Well, that's a little harsh. While Ryan Lowe's specific examples don't really apply to a dynamically typed language, the idea is valid. Refactoring tools are easier to write and more reliable with static typing. A tool can analyze statically typed code and say with some confidence exactly where a class or method is used -- in Smalltalk, Python, or other dynamically typed languages, refactoring is just a string match. Good naming practices can make that string search more reliable, but it's still just strings, not a fully type-annotated source.

This is one of those unfortunate places where you can't have it both ways. Dynamic typing and late binding is resistant to static analysis, and static analysis can be used for good things. (And Python is actually more resistant than most dynamic languages.)

It would be interesting in these dynamic languages if you could assert a type (or interface) not just at runtime, but in a way that can be statically determined. I don't know if programmers would bother to put in those assertions reliably enough to make it useful, or if the assertions would ultimately become fragile and unwieldy. Maybe a more appropriate goal would be to watch the code as it runs (particularly unit tests) and view types there; then while you wouldn't be absolutely guarenteed that you have correct type information, you'd usually have good information for analysis. We do this for JIT and other optimizations, but I haven't seen it used a great deal as a programming tool.

Still, while static typing isn't useless, it is rather limited. You can say "float", but you can't say "float between 0 and 1, inclusive". Contracts are a more general idea, with much more potential for error detection. Static analysis of contracts would be very interesting indeed.

Created 10 Aug '04
Modified 14 Dec '04

Comments:

"in Smalltalk, Python, or other dynamically typed languages, refactoring is just a string match"

No.

The Rewrite Tool in the Smalltalk Refactoring Browser is a parse-tree matcher - this is *not* textual search and replace.

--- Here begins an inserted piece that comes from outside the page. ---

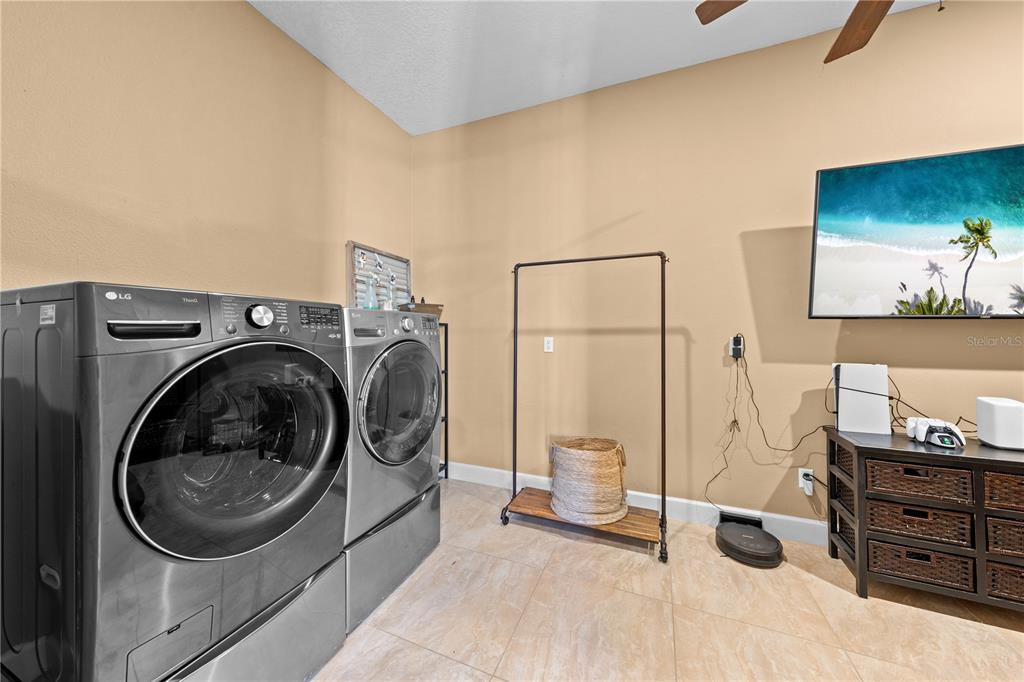 4231 Albritton Road St. Cloud, FL 34772 - Photo 53 of 94 a view of a bedroom with washer and dryer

http://www.whysmalltalk.com/Smalltalk_Solutions/ss2003/pdf/roberts.pdf

# Isaac Gouy

'You can say "float", but you can't say "float between 0 and 1, inclusive"'

We *can* define Float subranges in Ada

http://goanna.cs.rmit.edu.au/~dale/ada/aln/4_basic_types.html
# Isaac Gouy

Yes, yes, I know no real refactoring tool works on the source as text. Even Real Programmers don't call sed a refactoring tool ;) But it is working on the source in a relatively isolated manner, where only the name is available, and that name is compared as a string. Whereas in Java the name can be fully identified as a particular method of a particular class.

Re: Ada; the problem with this is that the limited operators available don't work well for complicated systems. You can have number ranges. What about only odd numbers? What about invariants? What about objects that can have many valid states, but must be in a particular state when passed to a specific function? That's more restrictive than an interface, but a very common restriction. Realistic requirements are complex enough to require a full language, not a limited type definition language.
# Ian Bicking

Yes, yes, I know...
We have to make do with what you write - what you may or may not know is a mystery.

But it is working on the source...
Again, no; the refactoring tool is working on ASTs.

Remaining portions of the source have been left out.